Invention

What does Pfeiffer have to do with Mercedes-Benz and Porsche? An American agency for Pfeiffer pianos advertises with this question in the guide to the US music instrument industry. The Americans make comparisons between exceedingly different products, which however have one thing in common: They are quality products, which enjoy the utmost esteem world-wide and come from Germany. Corporate size and production figures of course cannot be compared. A few hundred pianos as against hundreds of thousands of motor-cars. And yet this "made in Germany" is the common trade mark.

The motor-car is over 100 years old and Stuttgart, alongside Mannheim, is its birthplace. Pianos are much older. The history of the piano dates back more than two centuries. The first known piano e forte action was invented in the early eighteenth century by an Italian named Bartolomeo Cristofori. Since that time we have had at our disponal a keyboard instrument on which (unlike the harpsichord) it is possible to play both "soft and loud". Since 1862 the house of Pfeiffer has always paid attention to melodiousness - be it soft or loud. After the company seat was registered in Stuttgart for decades, grand and upright pianos have been built in Leonberg near Stuttgart since 1994, not far from the production centres of the other Swabian quality products - simply German high-class workmanship. Yet these particular masterpieces are older - and destined to continue giving countless years of pleasure. A piano can go on rendering faithful service for a hundred years and longer. In fact, it is not unusual for a good old piece to be returned to us for an overhaul, and then, "rejuvenated", continue providing pleasure to the following generations.

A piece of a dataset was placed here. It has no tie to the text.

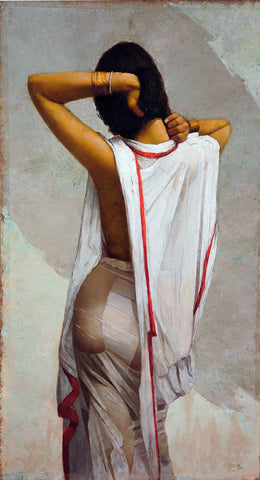 After The Bath - M N Roy - Indian Painting by M N Roy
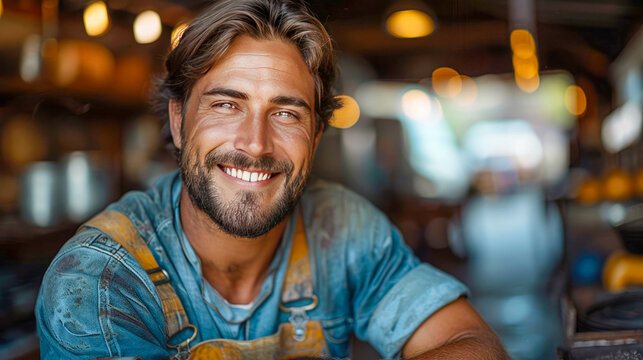 Portrait of smiling mature male worker looking at camera in auto repair shop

Joseph Anton Pfeiffer, a piano and organ builder from Riedlingen in Upper Swabia, could never in his wildest dreams have envisaged that the craftsmanship of his descendants and successors Carl, Walter, Helmut and Georg Pfeiffer would one day, more than 140 years later, be compared to the most exclusive "horseless carriages". When he took up residence in Stuttgart, the town was not yet the world-famous industrial metropolis it is today. In those days the King still resided in the capital of Württemberg, and in 1906 Carl Anton Pfeiffer became purveyor by appointment to the artistically-minded Monarch. Although the court instrument had a different cabinet from today's piano, being styled according to contemporary tastes, and a lighter cast-iron frame design, corresponding to the lower pitch then in use, in essence, this piano represented the prototype for the piano we know today.